Showing posts with label lucene-4_10_3. Show all posts
Showing posts with label lucene-4_10_3. Show all posts

Sunday, February 1, 2015

Initial study on apache lucene

Today, we are going to learn apache lucene. So first thing first, what is apache lucene?
Apache Lucene is a free open source information retrieval software library, originally written in Java by Doug Cutting. It is supported by the Apache Software Foundation and is released under the Apache Software License.

Let's go into apache lucene "hello world", so we get an basic idea what is it. Go to the offical site and download the latest release.
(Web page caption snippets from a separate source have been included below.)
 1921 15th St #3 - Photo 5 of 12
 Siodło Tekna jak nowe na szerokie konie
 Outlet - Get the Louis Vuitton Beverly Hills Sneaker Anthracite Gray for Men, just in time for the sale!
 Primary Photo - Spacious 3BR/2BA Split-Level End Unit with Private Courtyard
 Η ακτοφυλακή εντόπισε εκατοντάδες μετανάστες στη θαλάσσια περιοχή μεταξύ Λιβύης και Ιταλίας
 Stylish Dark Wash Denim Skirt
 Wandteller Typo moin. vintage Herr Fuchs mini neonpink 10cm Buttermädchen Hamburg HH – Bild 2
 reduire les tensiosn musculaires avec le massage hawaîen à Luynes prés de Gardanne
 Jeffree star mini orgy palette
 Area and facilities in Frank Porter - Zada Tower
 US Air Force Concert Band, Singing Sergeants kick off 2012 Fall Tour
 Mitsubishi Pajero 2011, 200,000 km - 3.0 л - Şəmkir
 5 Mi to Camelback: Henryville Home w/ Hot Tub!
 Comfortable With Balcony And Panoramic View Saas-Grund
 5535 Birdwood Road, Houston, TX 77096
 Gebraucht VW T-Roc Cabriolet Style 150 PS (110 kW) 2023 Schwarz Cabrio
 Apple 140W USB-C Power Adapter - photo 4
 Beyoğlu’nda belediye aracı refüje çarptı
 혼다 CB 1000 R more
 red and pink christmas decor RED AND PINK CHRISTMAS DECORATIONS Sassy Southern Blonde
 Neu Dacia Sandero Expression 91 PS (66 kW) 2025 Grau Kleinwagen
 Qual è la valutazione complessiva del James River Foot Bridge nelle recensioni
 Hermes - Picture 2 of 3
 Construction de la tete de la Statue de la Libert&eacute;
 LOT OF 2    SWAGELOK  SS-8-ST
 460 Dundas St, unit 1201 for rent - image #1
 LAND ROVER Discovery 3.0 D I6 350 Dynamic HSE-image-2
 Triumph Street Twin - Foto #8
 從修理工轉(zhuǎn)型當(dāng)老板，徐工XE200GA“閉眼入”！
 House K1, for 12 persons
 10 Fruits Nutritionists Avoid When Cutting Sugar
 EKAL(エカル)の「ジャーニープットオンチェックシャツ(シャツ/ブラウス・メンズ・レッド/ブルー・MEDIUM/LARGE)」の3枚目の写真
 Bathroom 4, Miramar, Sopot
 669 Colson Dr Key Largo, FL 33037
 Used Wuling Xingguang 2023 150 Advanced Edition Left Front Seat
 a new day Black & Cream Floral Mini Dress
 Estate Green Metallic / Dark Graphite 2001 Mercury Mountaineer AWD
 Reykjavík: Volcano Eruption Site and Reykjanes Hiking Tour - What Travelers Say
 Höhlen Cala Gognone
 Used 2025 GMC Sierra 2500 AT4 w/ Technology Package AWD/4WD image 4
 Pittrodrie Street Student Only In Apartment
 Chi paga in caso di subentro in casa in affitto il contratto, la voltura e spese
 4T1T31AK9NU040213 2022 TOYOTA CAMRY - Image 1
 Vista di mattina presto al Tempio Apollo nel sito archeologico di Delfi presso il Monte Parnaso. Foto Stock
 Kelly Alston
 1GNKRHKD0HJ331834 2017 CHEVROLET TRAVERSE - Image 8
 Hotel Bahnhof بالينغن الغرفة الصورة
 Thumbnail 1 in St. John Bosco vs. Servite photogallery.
Below is the tutorial I follow from the official documentation, and using apache lucene version 4.10.3 with oracle java 7 with slight modification to the tutorial.
jason@localhost:~/Desktop/lucene-4.10.3$ java -cp ./core/lucene-core-4.10.3.jar:./queryparser/lucene-queryparser-4.10.3.jar:./analysis/common/lucene-analyzers-common-4.10.3.jar:./demo/lucene-demo-4.10.3.jar org.apache.lucene.demo.IndexFiles
Usage: java org.apache.lucene.demo.IndexFiles [-index INDEX_PATH] [-docs DOCS_PATH] [-update]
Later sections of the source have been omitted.